EMV's adoption numbers tell just one side of the story. There are still some concerns when it comes to the user experience impacting EMV adoption as consumers are still adjusting to the perceived slower transaction speeds from chip readers.
At the start of the year, Visa reported “chip-enabled merchants now account for 46% of the company’s in-store payment volume.” It also saw upward of “800 million chip-on-chip transactions in November,” a 359% increase year over year.
Considering the strides that the EMV industry has taken to improve both the retailer and customer experience, you might look at this as a win-win for the U.S. market.
As with any type of behavioral change, it takes time for consumers to adjust to a different process, but eventually come to realize that the change can be a positive one.
EMV is still a high priority with some exceptions. Even with higher charge-back rates, we're still seeing merchants adopt EMV tech, as they can benefit from its offerings. That said, those who rely only on internal EMV solutions lag behind, and there is still a huge amount of knowledge they have to gain to accept EMV-based transactions.
So with that in mind, what's next? Where can EMV go to revolutionize the experience for merchants and customers?

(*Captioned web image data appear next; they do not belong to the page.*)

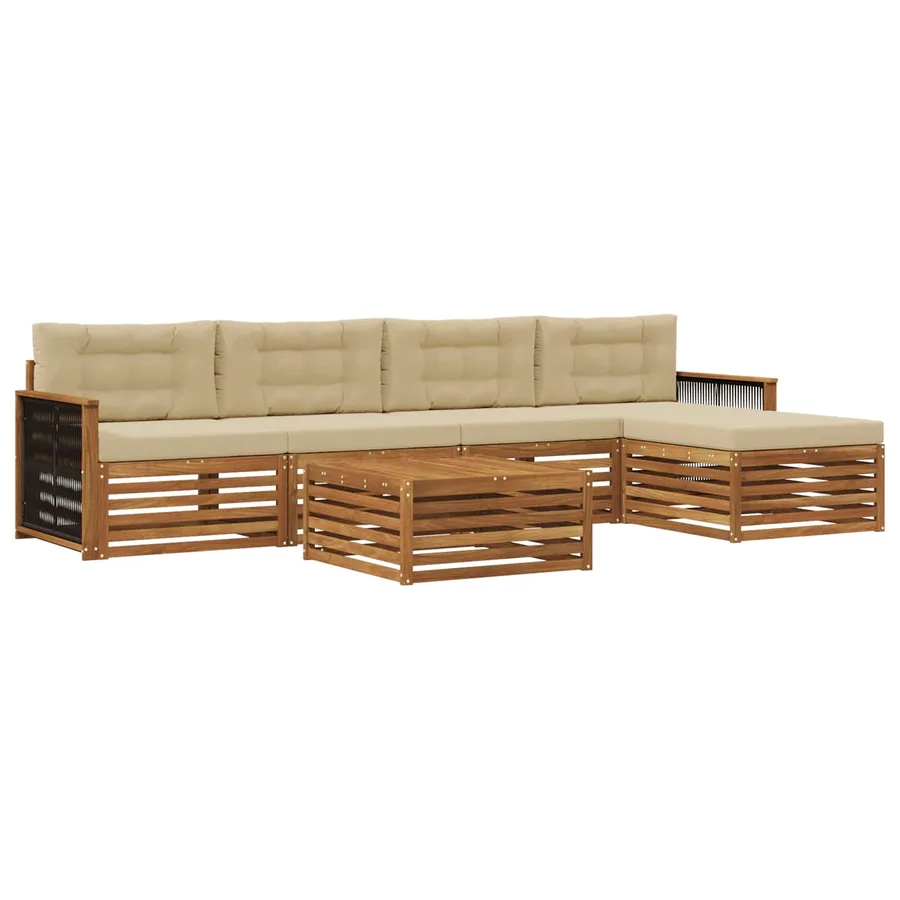 Ensemble de canapés d'extérieur 6 pcs Naturel et Beige - 2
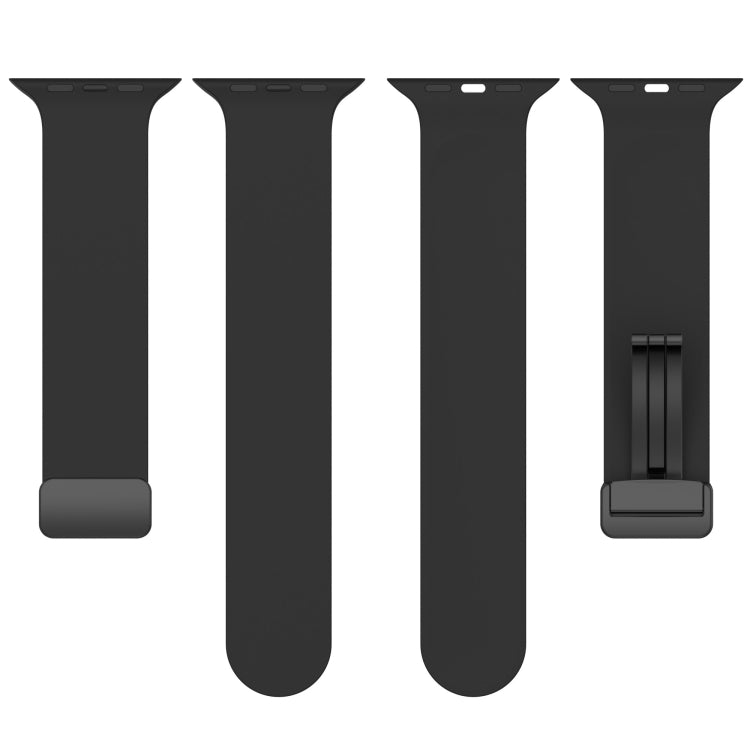 Magnetic Black Buckle Smooth Silicone Watch Band, For Apple Watch Series 8&amp;7 41mm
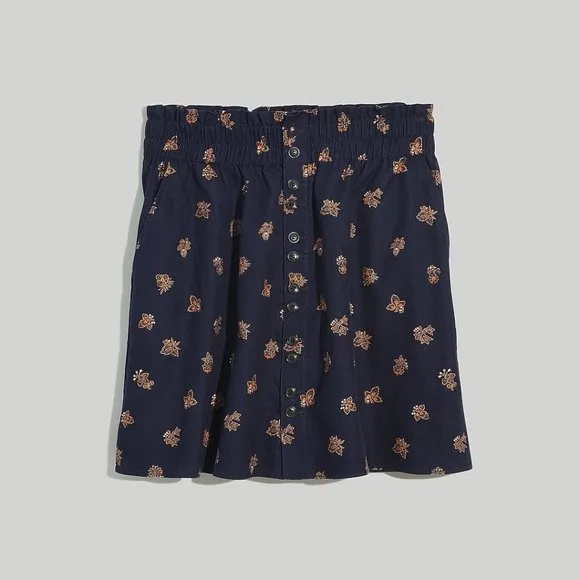 Madewell Paperbag Button-Front Mini Skirt in Baby Corduroy Size Medium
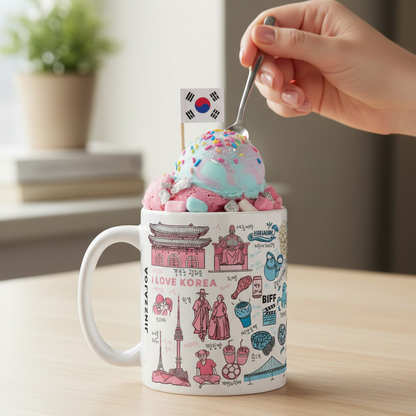 Korea Cities Coffee Mug & Ice Cream Cup – Hand Drawn Seoul Busan Jeju Gyeongju Travel Art Ceramic Cup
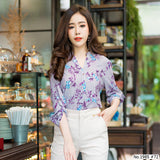 Maristar : No.1985 เสื้อแขนยาวพิมพ์ลาย | Printed Long Sleeve Blouse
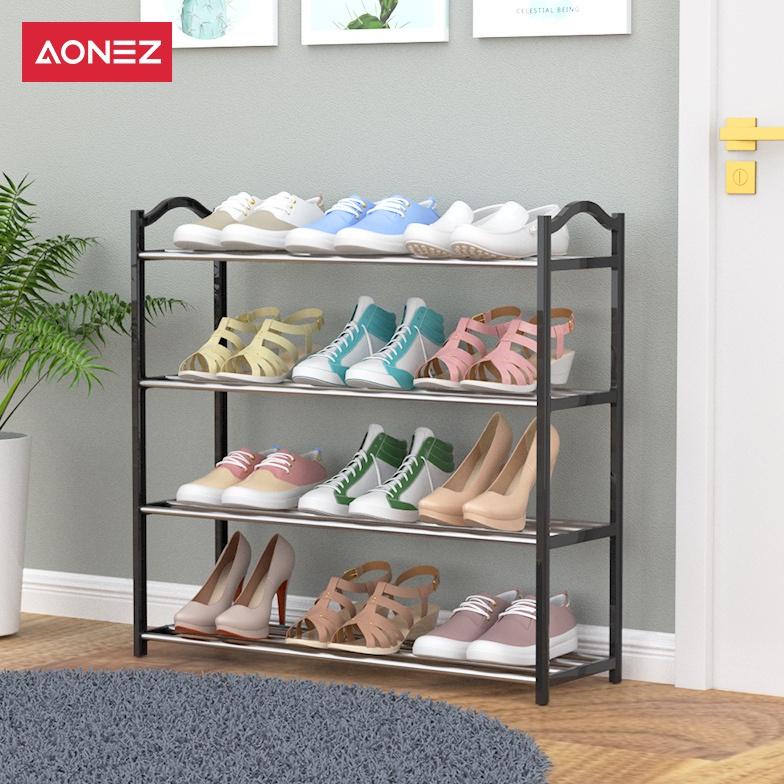 AONEZ 4 LAYERS MINIMALIS RAK SEPATU BESI BERTINGKAT RAK SUSUN SEPATU MULIFUNGSI RAK TERLARISS...,,,,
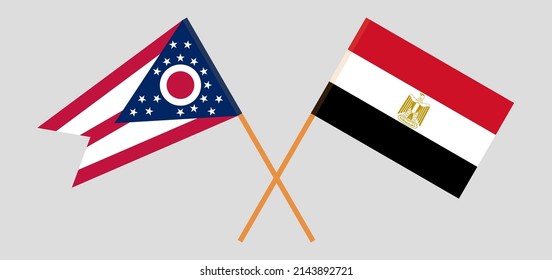 Crossed flags of the State of Ohio and Egypt. Official colors. Correct proportion. Vector illustration

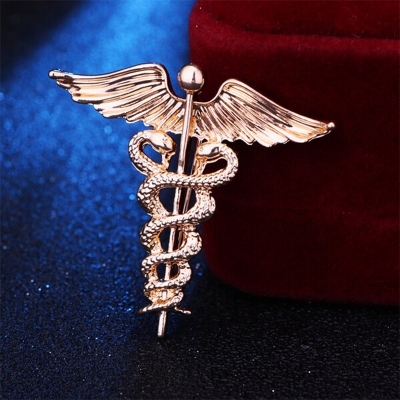 Picture of Retro Angel Wings Men's Caduceus Badge Brooch Clothing Accessories (Gold)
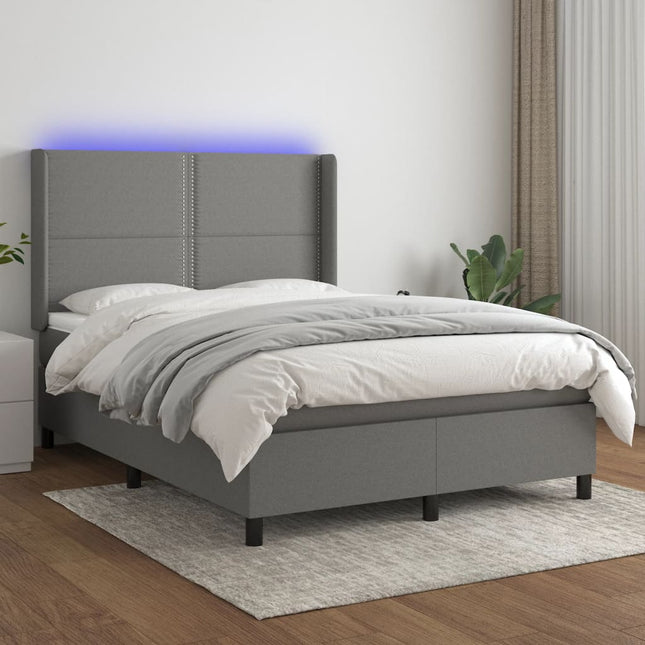 Boxspring Met Matras En Led Stof Donkergrijs 140 x 200 cm Effen met spijkers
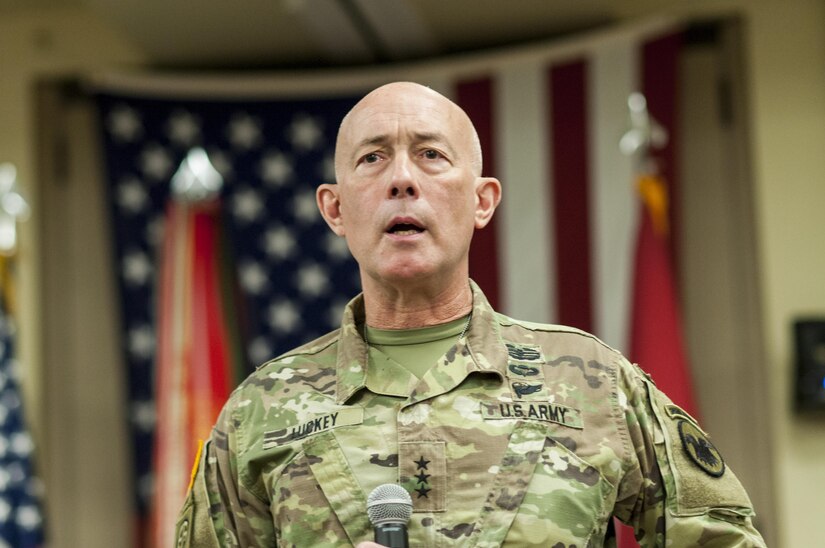 Lt. Gen. Charles D. Luckey, chief, Army Reserve and U.S. Army Reserve Command commanding general, gives his remarks during a change of responsibility ceremony for U.S. Army Reserve Command Sgt. Maj. Ted L. Copeland, at the U.S. Army Forces Command and U.S. Army Reserve Command headquarters, April 18, 2017, at Fort Bragg, NC. Copeland takes over the U.S. Army Reserve's top enlisted position after serving as the command sergeant major of the 79th Sustainment Support Command in Los Alamitos, Calif. (U.S. Army photo by Timothy L. Hale/Released)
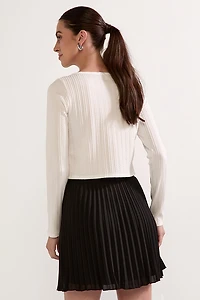 Noelle Bow Applique Rib Knit Top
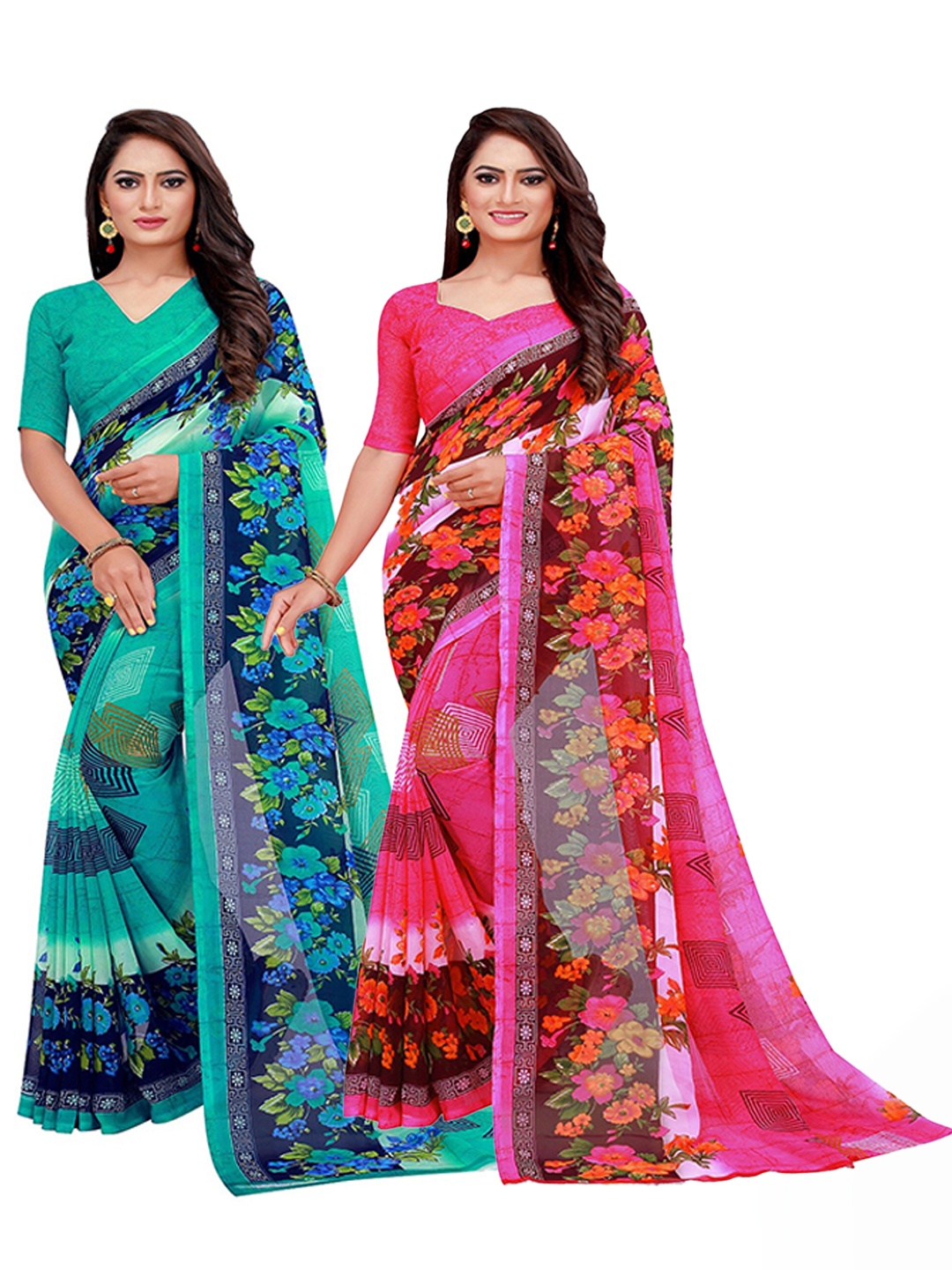 

Florence Pack of 2 Floral Pure Georgette Saree, Pink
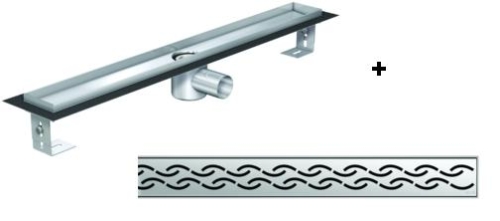 ACO EXCLUSIVE alacsony (79 mm) zuhanyfolyóka + lánc rács 900mm hosszú (0153.76.46  + 9010.55.95)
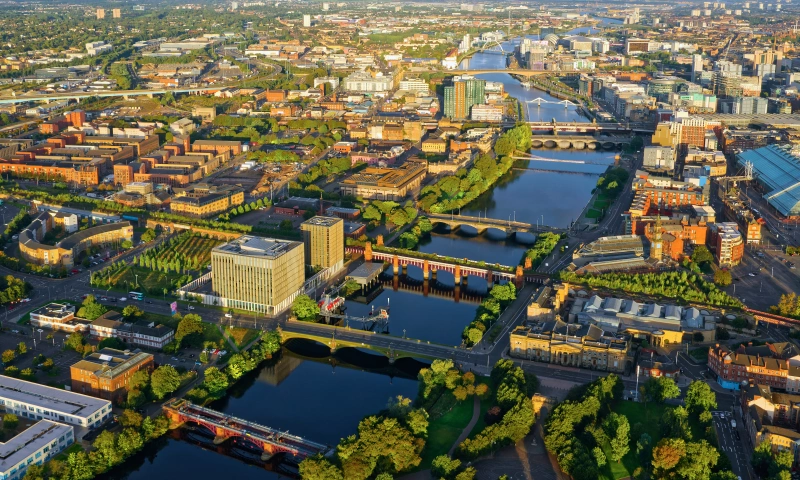 Aerial view of Glasgow.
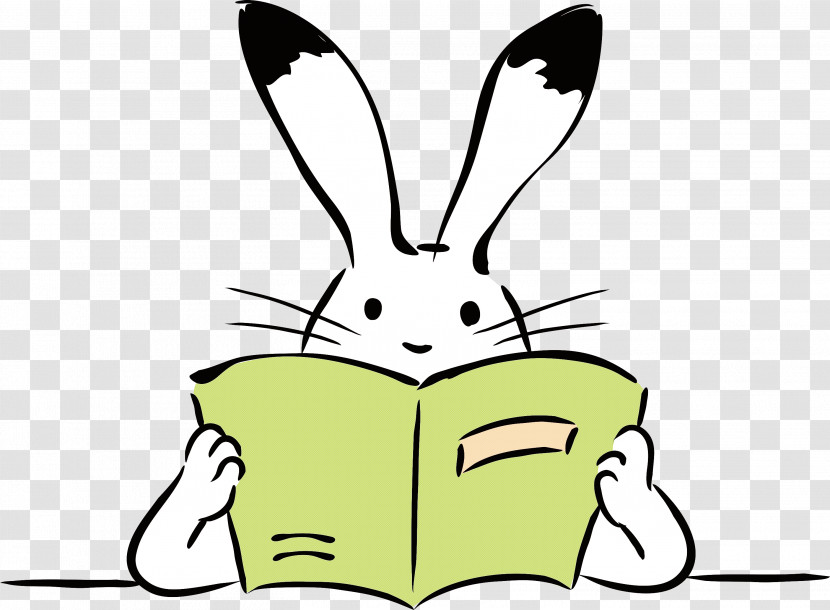 Reading Book Rabbit Transparent PNG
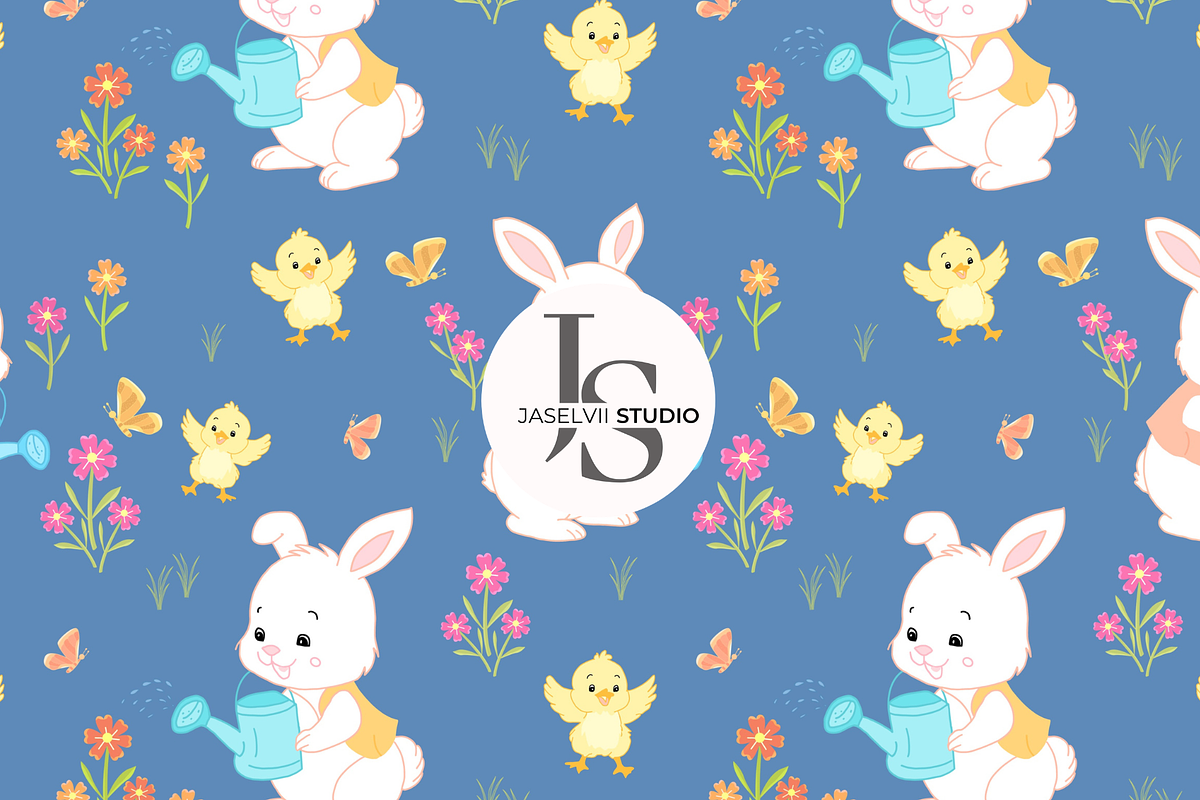 Bunny Chick - Blue, a Pattern Graphic by Jaselvii Studio (Photo 7 of 7)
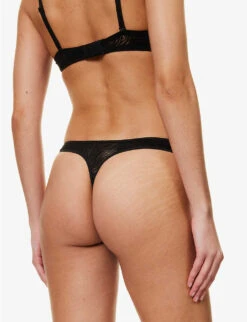 Calvin Klein Sheer Marquisette Mid-rise Stretch-lace Thong -Women Clothing Store R04096772 BLACK ALT03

I believe the next evolution of EMV is going to be contactless. While introduced in 2005, its success in the U.S. has not been stellar, for two main reasons. Adoption rates were limited as mobile payments were used infrequently, and many POS terminals did not have contactless payments. In addition, many consumers saw little value as they felt transactions weren't any faster or more secure than swiping.
With the increase in chip card usage, many consumers felt the pains of "dip-and-wait" transactions. Contactless payments today, seem to address the slowness of EMV contact, without compromising security, and unbeknownst to many, uses the same security protocol (known as "dual interface"), transmitted through two types of interfaces.
We're seeing a slowing of adoption rates for chip cards, though they've been on the rise since the previous quarter, with 1.75 million Visa merchants now accepting, and over 1 million since last November.
However, while many may see this as a sign that EMV isn't likely to be successful in the U.S., I see this as an indicator that there may be a significant shift from chip transactions to contactless payments. However, we'll still see EMV figures continue to rise, as more merchants see the benefits they can reap from fraud protection. As Javelin reports, we should at least expect a third of U.S. retail establishments to accept contactless cards by 2019.
Look at the international landscape. The volume of contactless payments has grown significantly over the past five years. In fact, many countries are issuing government mandates for contactless payments, and by 2020 almost every merchant will be accepting them. This includes contactless cards, Apple Pay, Android Pay, iWallet and Samsung Pay among others. And with it, there's going to be a huge change for consumers and merchants.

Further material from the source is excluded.